Allá por el verano del amor del 67 se toparon en Brooklyn. Am­bos eran estudiantes de arte con formación católica, que pasaron de room-mates a amantes (hasta que él se definió como gay, claro). La de ellos es la historia de dos jóvenes de barrios laterales que cumplen los ritos de iniciación con el fin de convertirse en artis­tas centrales en la Nueva York de los 70. Sabían que la arrogancia romántica aprendida del rock no bastaba: sólo sumando "contac­tos" se harían un lugar.
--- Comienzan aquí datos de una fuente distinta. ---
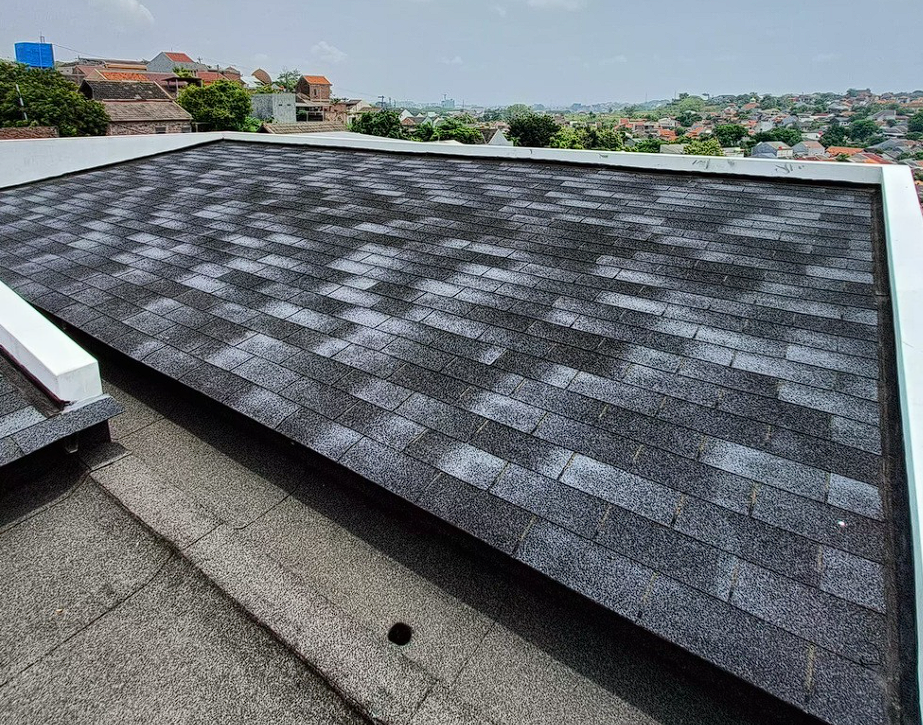 Luxury Gemstone Architecture Project - Bandung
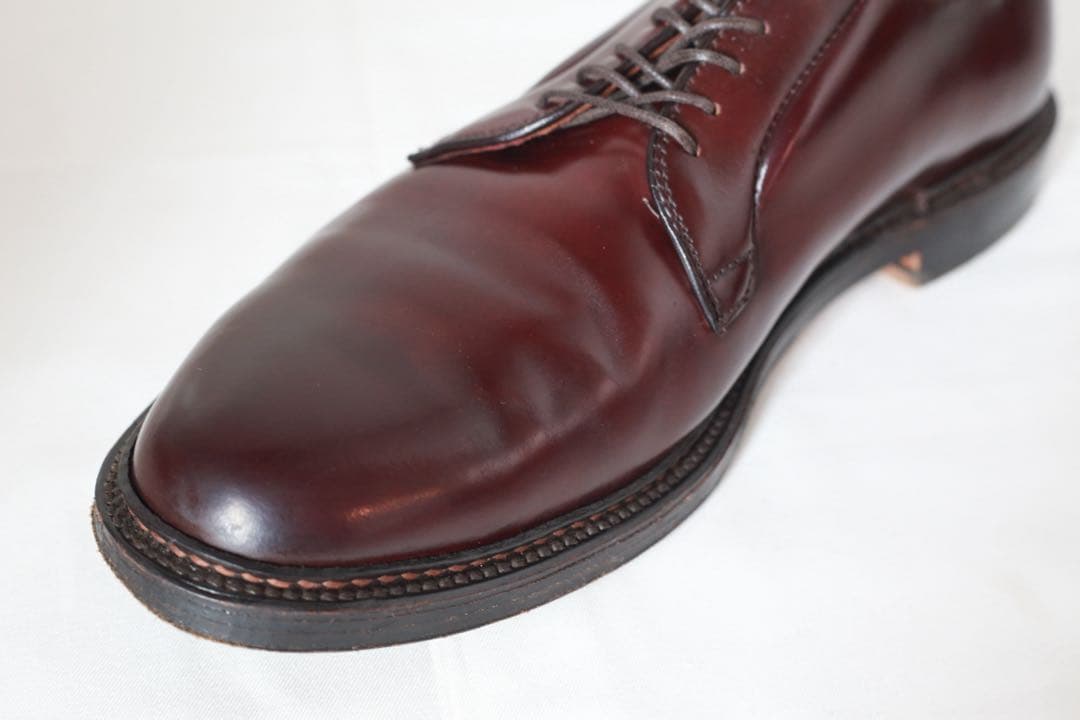 ALDEN オールデン 990 バーガンディ コードバン US 11 D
Cuando se publicó la foto de Horses , Ma­pplethorpe ya gozaba de los bene­ficios del mecenazgo: primero, en 1971, el curador del Metropolitan Museum of Art, John McKendry, le regaló una cámara Polaroid; después, en 1973, el coleccionista Sam Wagstaff le compró un loft y lo transformó en su amante. Ma­pplethorpe era un experto en rela­ciones públicas, y pronto retrataría a la elite artística neoyorkina y su entorno aristocrático.

Alquimista, Mapplethorpe ele­vó la polaroid más allá de la ins­tantánea. Nada de espontaneidad, de captura de un momento casual. Como el teórico Arthur Danto lo subraya, siempre consideraría su enemigo estético a Garry Wi­nogrand, el de las fotos-piropos, donde vemos chicas que pasan por la calle como relámpagos eró­ticos. En Mapplethorpe, la puesta controla la contingencia, y no hay calle, sino exceso de estudio. Las suyas son "escenas que parecen destiladas de vida real", al decir de la curadora Janet Kardon.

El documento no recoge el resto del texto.